Meemoo’s AI projects for descriptive metadata creation and enrichment

The initial projects for creating descriptive metadata with AI

In 2015, we used OCR to convert the printed text of 270,000 digitised pages of Belgian newspapers from the First World War into machine-readable text. In 2017, we used NER to detect person names in this output. We then used NEL to match and link these names with The Names List — a database from the In Flanders Fields Museum containing data on over 500,000 casualties from the First World War. This led to the publication of nearly 122,000 links to additional information about the individuals, each with a score indicating the reliability of the match.¹⁰¹¹

Between 2018 and 2020, in two projects with FOMU — the Photo Museum Antwerp and MoMu — the Fashion Museum Antwerp as content partners, and Datable as a technical partner, we studied the feasibility of using image recognition services for automating the descriptive labelling of cultural heritage objects. We explored how to use existing online image recognition services such as Google Cloud Vision, Microsoft Computer Vision (now Azure AI Vision) and Clarifai to tag and/or categorise photographic content, and how to integrate the obtained results with the existing collection metadata.¹²¹³

In 2021–2022, together with the content partners ADVN — the Archive for National Movements, the Flemish Parliament Archive, KOERS Museum of Cycle Racing, Kunstenpunt — the Flanders Arts Institute and Ghent University’s IDLab as our technical partner, we researched the application of facial recognition on a larger scale. In the FAME (FAce MEtadata) project,¹⁴ we investigated workflows and best practices for using facial recognition to identify and tag individuals with descriptive metadata in photos and videos in a (semi-)automated way. We also explored how existing descriptive metadata could enhance the accuracy of the facial recognition results. The FAME project focused on three types of public figures: politicians and activists, cyclists and performing artists (Figure 3). For this project, we initially compiled a name list and a reference set of portrait photos for about 6,000 relevant individuals. We were ultimately able to recognise more than 78,440 faces in the collections of the four participating content partners, linked to nearly 1,700 individuals from our name list.¹⁵¹⁶¹⁷

The projects conducted between 2015 and 2022 clearly demonstrated that using AI tools to create and enrich descriptive metadata in digital collection registration is not only very time and cost-efficient but also very comprehensive.

The GIVE metadata project

The GIVE metadata project¹⁸ ran from 2021 to 2023. It focused on expanding and scaling up the use of AI applications for generating descriptive metadata for digital audiovisual archives (Figure 4).
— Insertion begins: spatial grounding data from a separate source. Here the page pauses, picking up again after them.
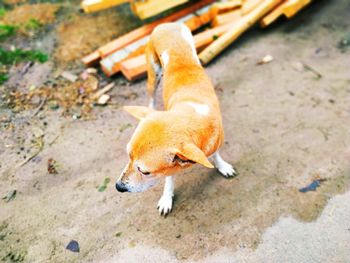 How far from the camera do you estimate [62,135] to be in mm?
5266

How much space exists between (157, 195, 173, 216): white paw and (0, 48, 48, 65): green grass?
12.0 feet

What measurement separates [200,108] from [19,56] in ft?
13.8

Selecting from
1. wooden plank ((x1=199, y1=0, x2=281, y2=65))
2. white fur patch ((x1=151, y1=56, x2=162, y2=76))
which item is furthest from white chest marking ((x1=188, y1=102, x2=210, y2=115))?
wooden plank ((x1=199, y1=0, x2=281, y2=65))

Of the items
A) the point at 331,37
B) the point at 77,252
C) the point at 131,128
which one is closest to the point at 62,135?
the point at 131,128

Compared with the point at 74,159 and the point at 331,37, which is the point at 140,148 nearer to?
the point at 74,159

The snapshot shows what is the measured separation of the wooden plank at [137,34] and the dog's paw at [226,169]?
9.64 feet

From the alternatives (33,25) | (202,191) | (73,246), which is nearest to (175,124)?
(202,191)

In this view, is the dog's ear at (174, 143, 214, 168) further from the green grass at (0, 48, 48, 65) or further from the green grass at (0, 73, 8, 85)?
the green grass at (0, 48, 48, 65)

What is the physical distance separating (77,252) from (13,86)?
3.23 meters

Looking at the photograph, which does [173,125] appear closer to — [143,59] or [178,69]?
[178,69]

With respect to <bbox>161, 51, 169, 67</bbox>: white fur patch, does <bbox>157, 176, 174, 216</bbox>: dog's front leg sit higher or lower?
lower

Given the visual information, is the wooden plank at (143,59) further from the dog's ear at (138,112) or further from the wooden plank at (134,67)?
the dog's ear at (138,112)

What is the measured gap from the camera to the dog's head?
3.19m

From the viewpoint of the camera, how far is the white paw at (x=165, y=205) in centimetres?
424
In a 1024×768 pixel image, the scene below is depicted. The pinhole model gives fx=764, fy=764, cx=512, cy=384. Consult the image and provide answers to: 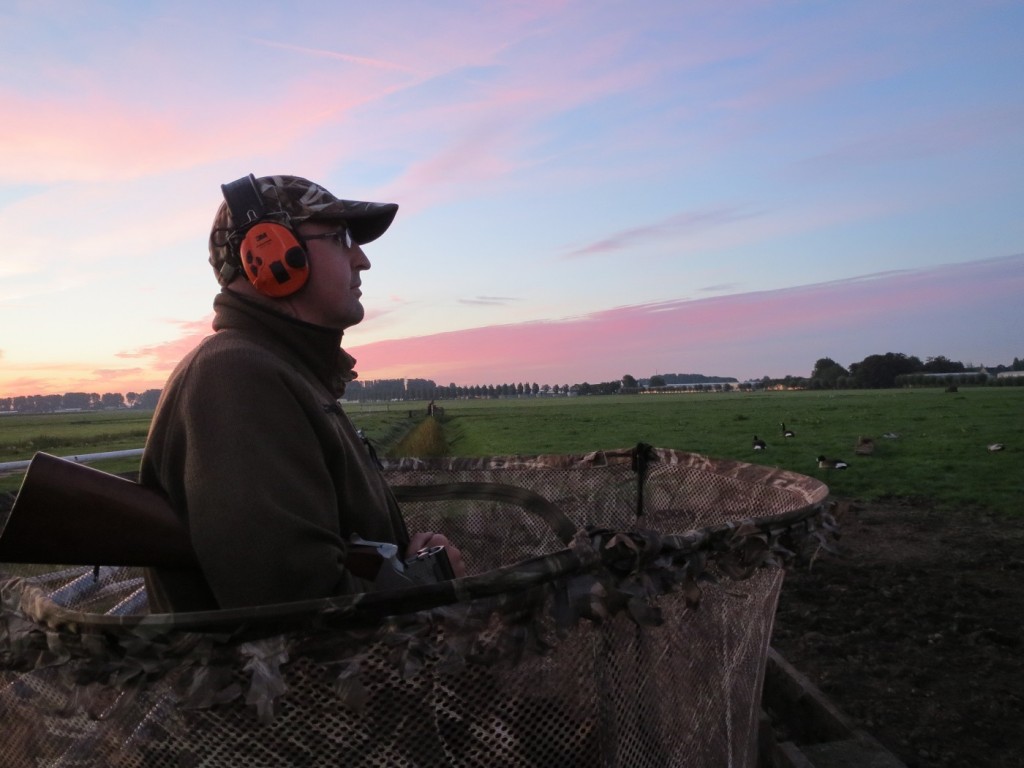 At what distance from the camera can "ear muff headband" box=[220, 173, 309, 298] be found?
2.34m

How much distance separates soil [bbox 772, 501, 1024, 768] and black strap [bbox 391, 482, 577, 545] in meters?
0.98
The initial phase of the project involved applying STT technology to approximately 170,000 hours of audio and video files. Following this, we embarked on NER to identify names of individuals, organisations or locations in the output text. We then used NEL, wherever possible, to link these entities with corresponding entities in existing external open data sources, such as Wikidata.org.

In the second phase, we conducted large-scale facial recognition across 124,000 hours of video content. We had two objectives here: to detect and recognise faces within the videos and to identify relevant public figures appearing in them. It is important to note that not every detected face is of a person significant enough for us to name. To give an idea of the extent of the scale-up: in the FAME project we processed just over 154,000 photos, and in the GIVE metadata project we processed 124,000 hours of video. This amount of video results in 432,000,000 frames to process, if we keep just one frame per second.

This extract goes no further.